In a market that's been tough on initial public offerings (IPOs) by companies that aren't making profits, one industry stands out as having some successes recently: biotechnology. Revolution Medicines (NASDAQ:RVMD), a clinical-stage biotech that's working on treatments for difficult-to-treat cancer indications, raised its offering price above its initial target range, and shares still soared on their first day of trading on Feb. 13.
Revolution offered 14 million shares at $17 per share, raising $238 million before expenses after originally announcing its intention to raise only $100 million. Investors snapped up the shares, bidding the price up a whopping 70% on the first day of trading. Assuming the underwriters exercise their option to buy more shares at $17, the company now sports a market capitalization of $1.7 billion.

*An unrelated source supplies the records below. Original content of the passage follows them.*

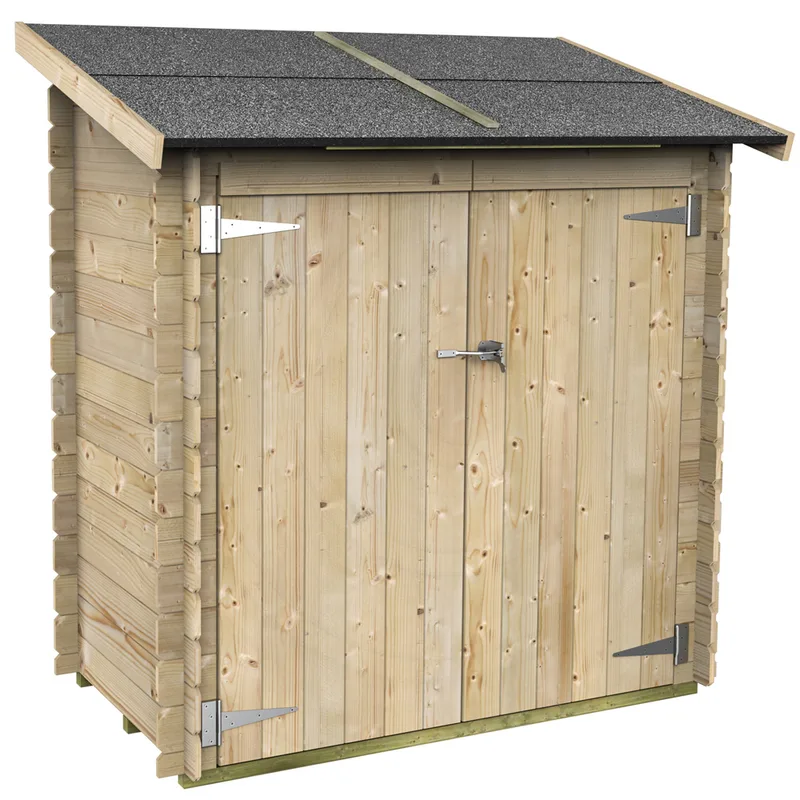 Alce Ambrogio 155x85 - Abri de jardin en bois - Toit à une pente - 155x85x165 cm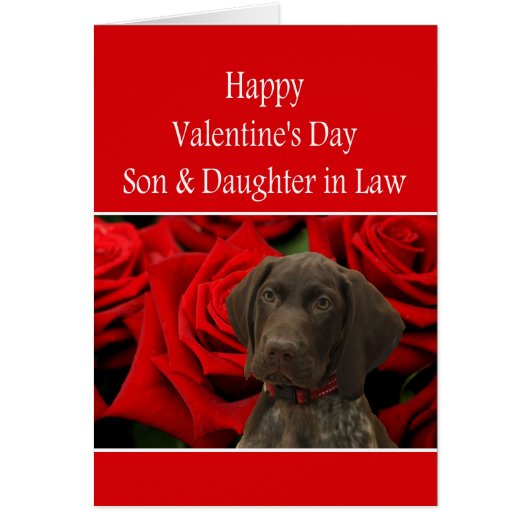 Son & Ehefrau Glossy Grizzy Valentine Puppy Liebe (Vorne)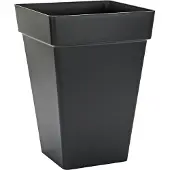 Elho Anthracite Moderne Vierkante Plantenpot - 37 cm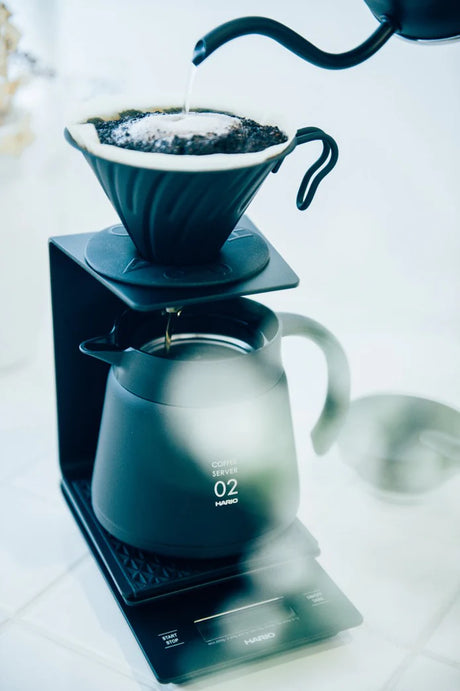 Hario V60 Metal Coffee Dripper Size 02 - Matte Black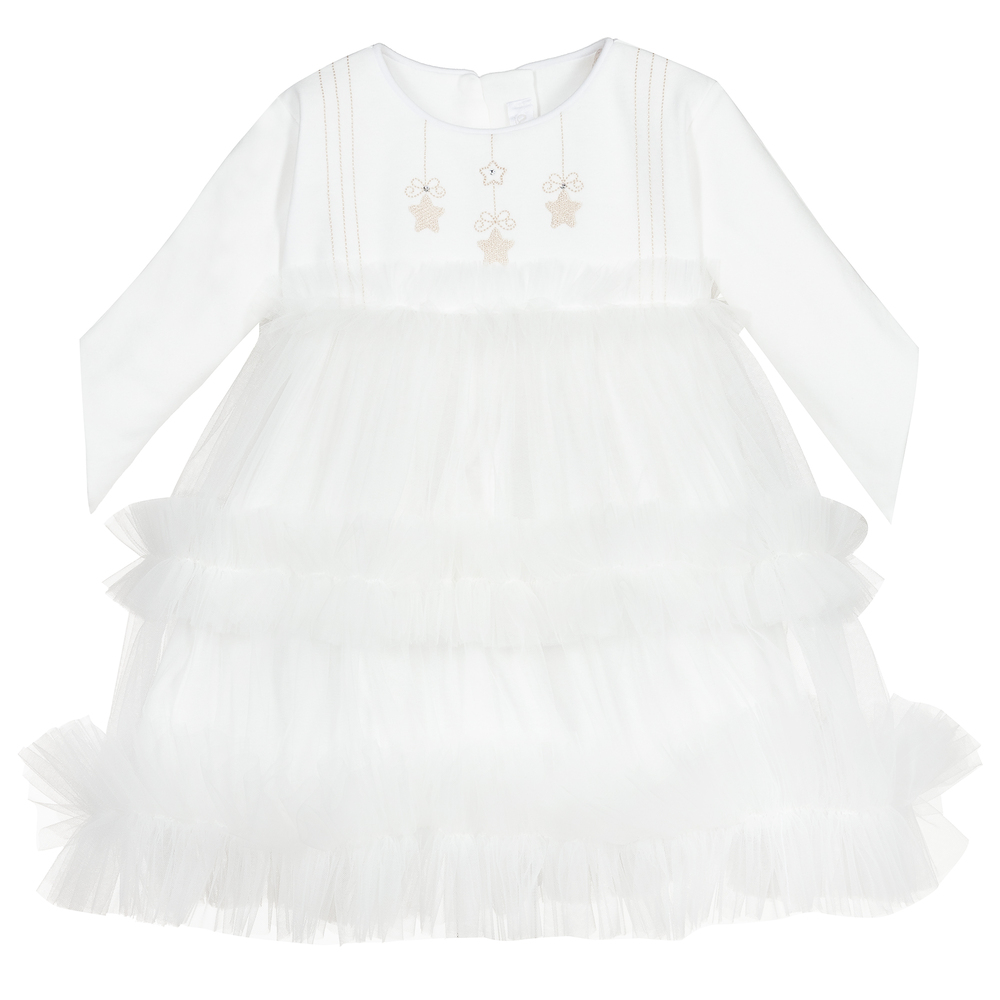 Sofija-Ivory Cotton Angel Dress | Childrensalon Outlet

Attacking tough but potentially very lucrative targets
Underpinning investor enthusiasm for Revolution is its focus on oncology drugs that target signaling pathways that play important roles in several kinds of cancer with large patient populations -- but have been notoriously difficult to attack. Revolution's lead molecule and only drug in clinical testing is RMC-4630, which is an inhibitor of SHP2, a central node of the RAS signaling pathway. The RAS family of genes are the most commonly mutated genes in human cancer and are present in 22% of all cancers. Mutations of genes in this family are found in 35% of lung cancers, 45% of colon cancers, and 95% of pancreatic cancers.
RMC-4630 is in two early clinical trials with patients who have a variety of solid tumors but haven't responded to standard treatments or were ineligible for them. They also had certain genetic mutations in the RAS pathway. Although the studies won't be completed until 2021 and 2022, Revolution presented early data at a conference last month that showed reasonable tolerability and encouraging signs of clinical activity, including in patients with non-small cell lung cancer (NSCLC), the most common form of lung cancer.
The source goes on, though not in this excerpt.